Nearest neighbors for misspelled words with floret
newsspaper score univercities score
newspaper 0.711 universities 0.799
newspapers 0.673 institutions 0.793
Newspaper 0.661 generalities 0.780
paper 0.635 individualities 0.773
newspapermen 0.630 practicalities 0.769
However, spelling mistakes are not the only out-of-vocabulary problems you may encounter.

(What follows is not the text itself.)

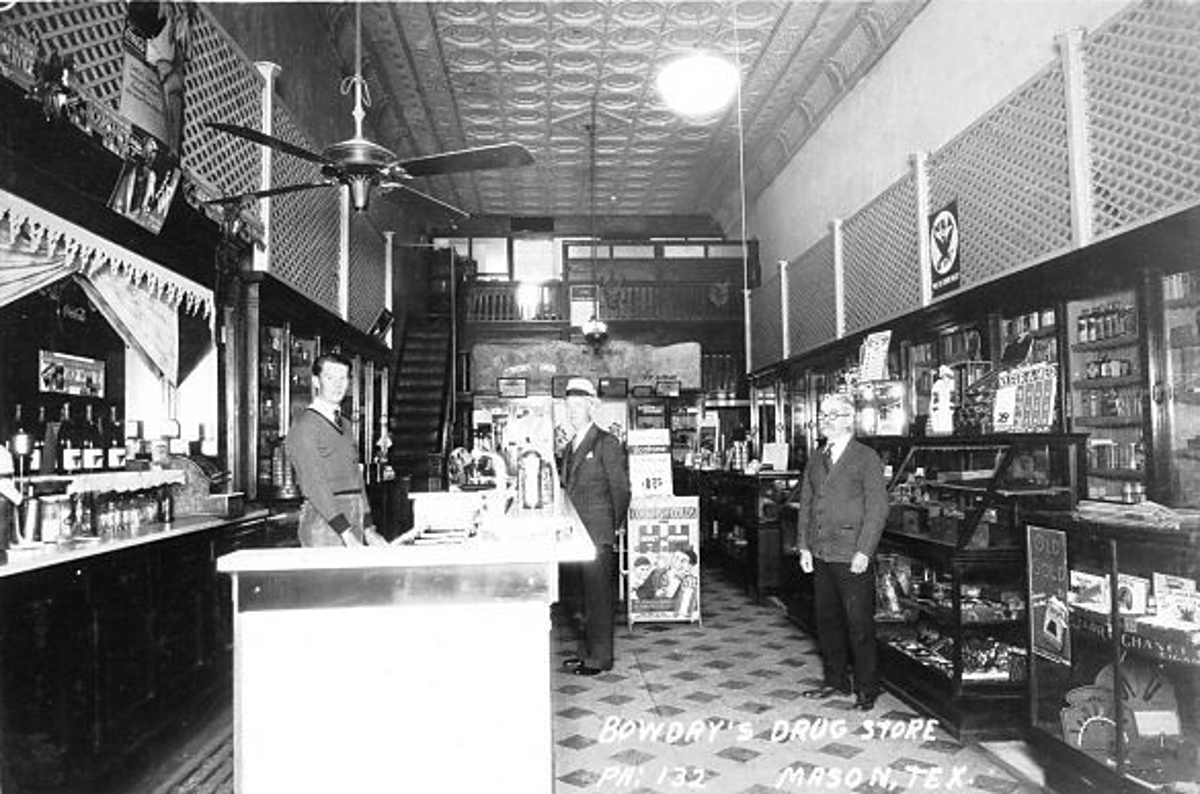Bowdry's Drug Store in 1930s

Nearest neighbors for unknown words with floret
shrinkflation score biomatosis score
inflation 0.841 carcinomatosis 0.850
Deflation 0.840 myxomatosis 0.822
Oblation 0.831 neurofibromatosis 0.817
stabilization 0.828 hemochromatosis 0.815
deflation 0.827 fibromatosis 0.794
When you look at the nearest neighbors, you might notice how floret was able to pick up an important subword. In many cases this enables it to find related words, but at other times it can overfit it. The word "decapitation" coincides with "shrinkflation" because of the "-ation" after it. But that doesn't mean the two words have similar meanings.

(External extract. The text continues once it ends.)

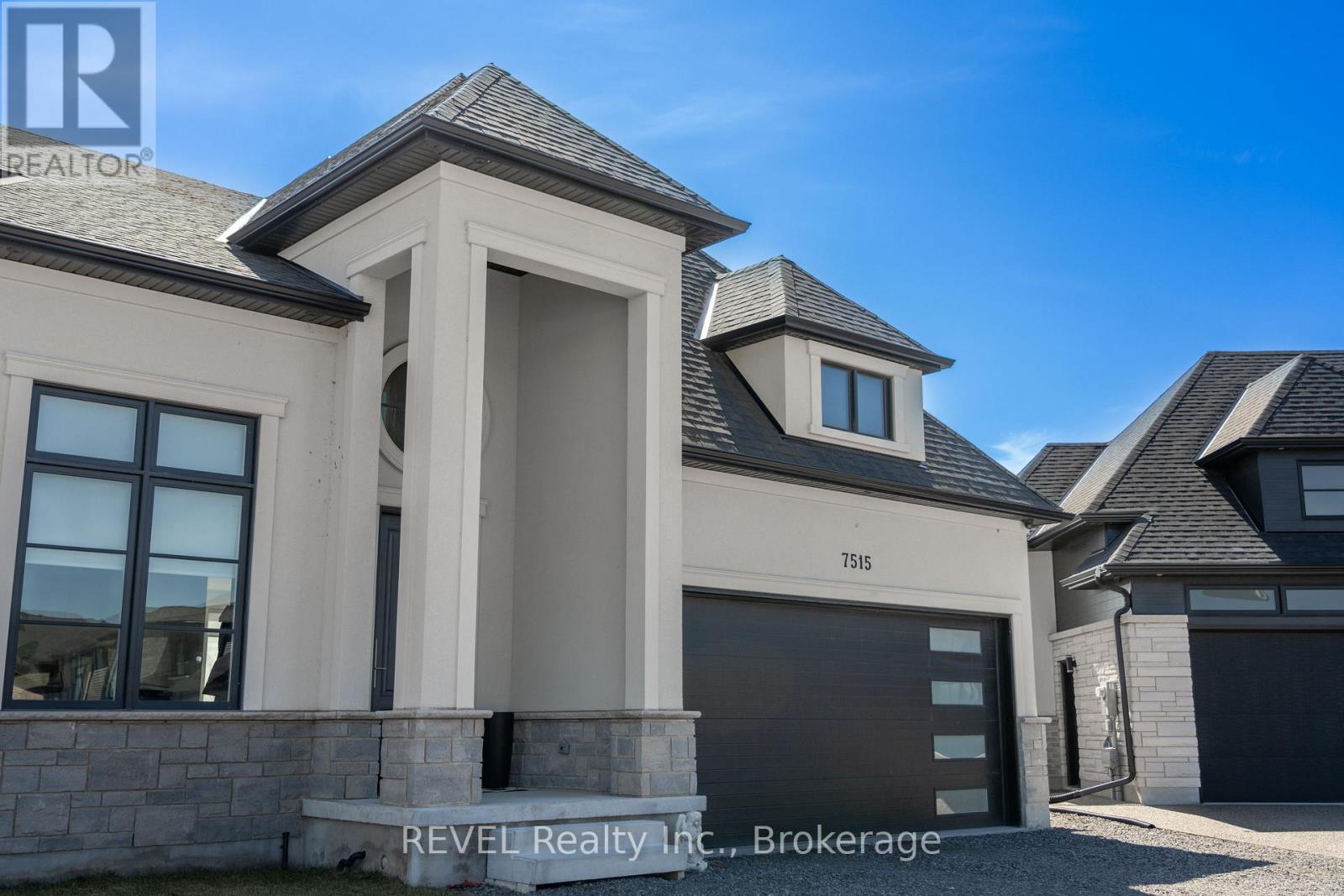 7515 Sherrilee Crescent, Niagara Falls, Ontario  L2H 3T4 - Photo 3 - X12467586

You can further explore floret vectors in English in this collaborative notebook !
Comparison of default and Floret vectors in SpaCy
Comparing the default pure word fastText vector and floret vector of UD English EWT, we see that the performance of the two vectors for English is very similar.
UD English EWT for default vs. floret
Vectors TAG POS DEP UAS DEP LAS
en_vectors_fasttext_lg (500K vectors/keys) 94.1 94.7 83.5 80.0
en_vectors_floret_lg (200K vectors; minn 5, maxn 5)

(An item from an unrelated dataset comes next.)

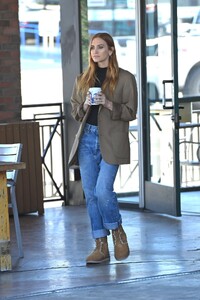ashlee-simpson-out-for-coffee-in-los-angeles-11-03-2022-5.jpg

Other languages with more complex voices than English have more pronounced differences when using floret, and Korean is the bright spot in our experiments so far, where floret vectors outperform larger default vectors by a large margin.
UD Korean Kaist for default vs. floret vectors
Vectors TAG POS DEP UAS DEP LAS
default (800K vectors/keys) 79.0 90.3 79.4 73.9
floret (50K vectors, no OOV)
Try it
spaCy v3.2+ supports floret vectors, and starting with spaCy v3.3 we have started providing training pipelines that use these vectors . In spaCy v3.4, you can see floret vectors in action in the provided training pipelines for Croatian, Finnish, Korean, Swedish, and Ukrainian.
download floret vector in english
We have released the pipeline for the English fastText and floret vectors used in this post.
You can explore these English vectors in this collaborative notebook !
You can install pre-built spaCy vector-specific pipelines with the following commands and use these spacy trains directly.
# en_vectors_fasttext_lg
pip install https://github.com/explosion/spacy-vectors-builder/releases/download/en-3.4.0/en_vectors_fasttext_lg-0.0.1-py3-none-any.whl
# en_vectors_floret_md
pip install https://github.com/explosion/spacy-vectors-builder/releases/download/en-3.4.0/en_vectors_floret_md-0.0.1-py3-none-any.whl
# en_vectors_floret_lg
pip install https://github.com/explosion/spacy-vectors-builder/releases/download/en-3.4.0/en_vectors_floret_lg-0.0.1-py3-none-any.whl
# use with spacy train in place of en_core_web_lg
spacy train config.cfg --paths.vectors en_vectors_floret_md
train floret vectors for any language
Also, you can train floret vectors yourself following these spaCy projects.
pipelines/floret_vectors_demo : train and import toy english vectors
pipelines/floret_wiki_oscar_vectors : Train vectors for any supported language on Wikipedia and OSCAR.